Not all lies involve saying things that aren’t true.
Sometimes you might omit specific details to avoid an unpleasant reaction or to spare someone’s feelings.
And you might have wondered, “Is omitting considered lying?” The short answer is yes.
Granted, it’s hard to tell the whole truth if you know it will change the outcome in a way you probably won’t like.
Lying by omission can be a form of self-preservation.
Unfortunately, even well-intentioned lies of omission can sabotage your relationship.
What Are the 4 Types of Lies?
What is the difference between lying and withholding information? To answer this question, you need to distinguish between the four types of lies:
- Exaggeration or Minimization
- Omission of truth.
Denial is when someone refuses to accept or acknowledge a truth. This can be purposeful or habitual, and it often goes with another lie to counter the truth.

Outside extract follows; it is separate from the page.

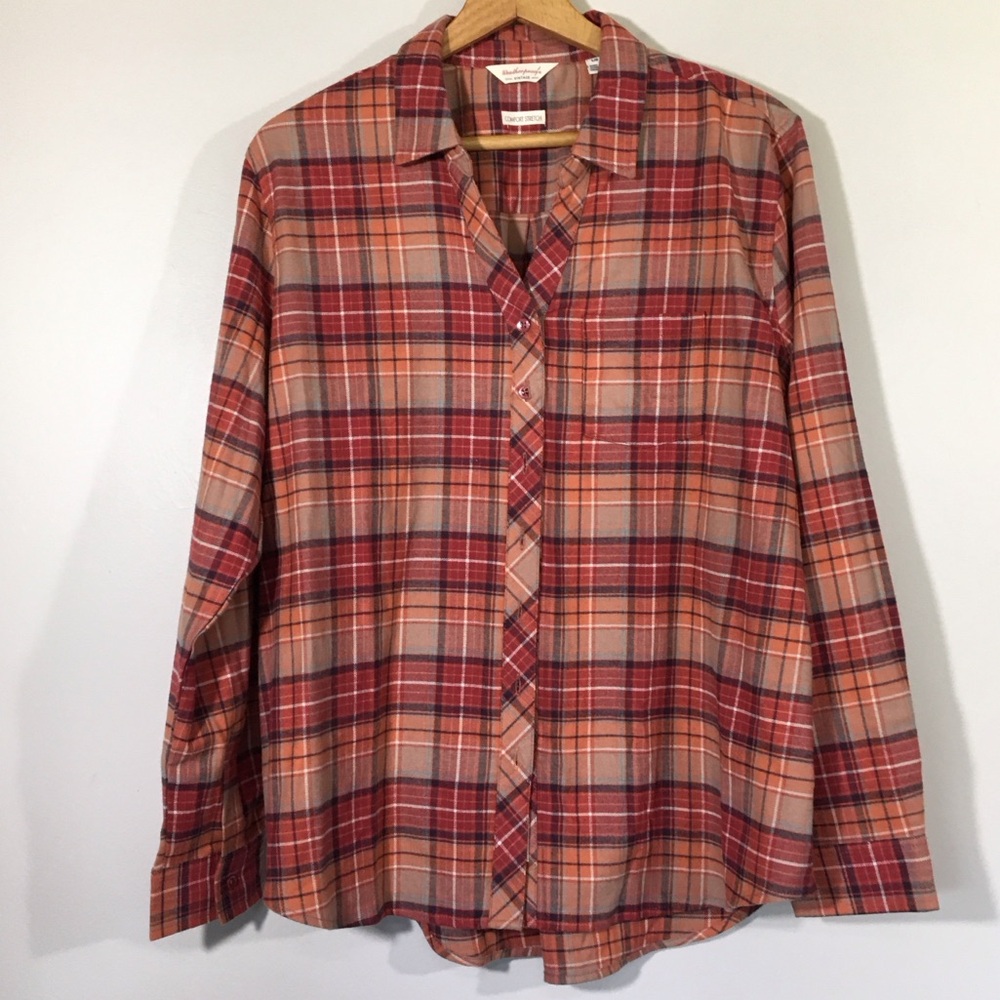 Weatherproof Vintage Comfort Stretch Plaid Flannel‎ Womens Shirt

Fabrication is when someone purposely fabricates a lie, telling you something objectively untrue.
Exaggeration is when someone exaggerates a truth, making it untrue or misleading.

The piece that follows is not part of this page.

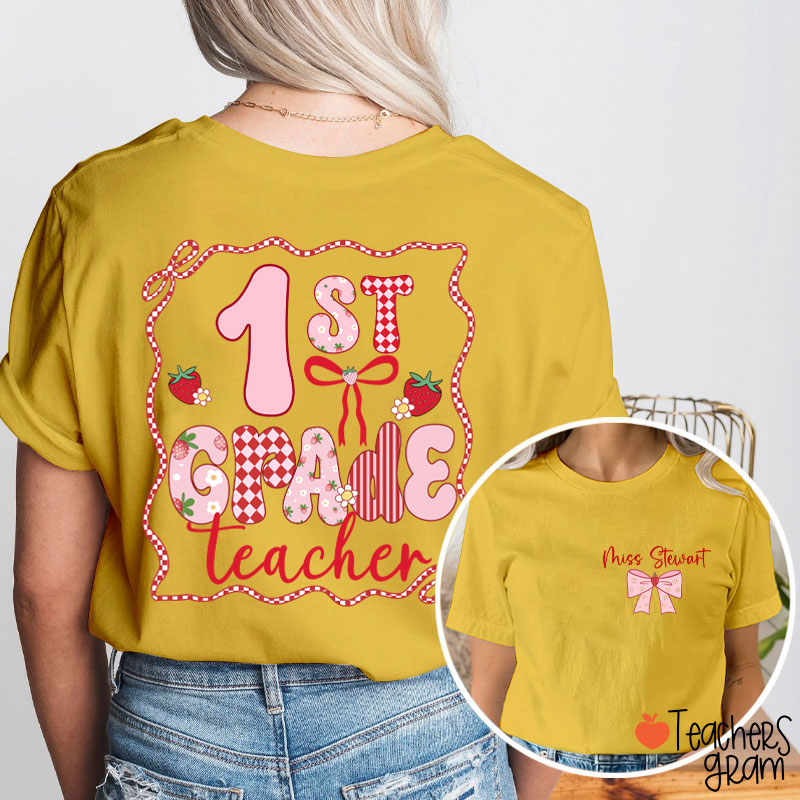 Personalized Name And Grade Strawberry Bow Teacher Two Sided T-Shirt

Omission of truth is when someone leaves out a fact, like a key detail of a situation, or chooses not to correct a misunderstanding that works in their favor.
What is Lying by Omission?
Any lie can damage trust between two people. But lies by omission are sneaky because it’s easy to trick yourself into thinking you’re not actually lying because you’re not saying something out loud that isn’t true.
You might even tell yourself it’s in everyone’s best interests for you to omit certain details — or to choose not to correct a misunderstanding.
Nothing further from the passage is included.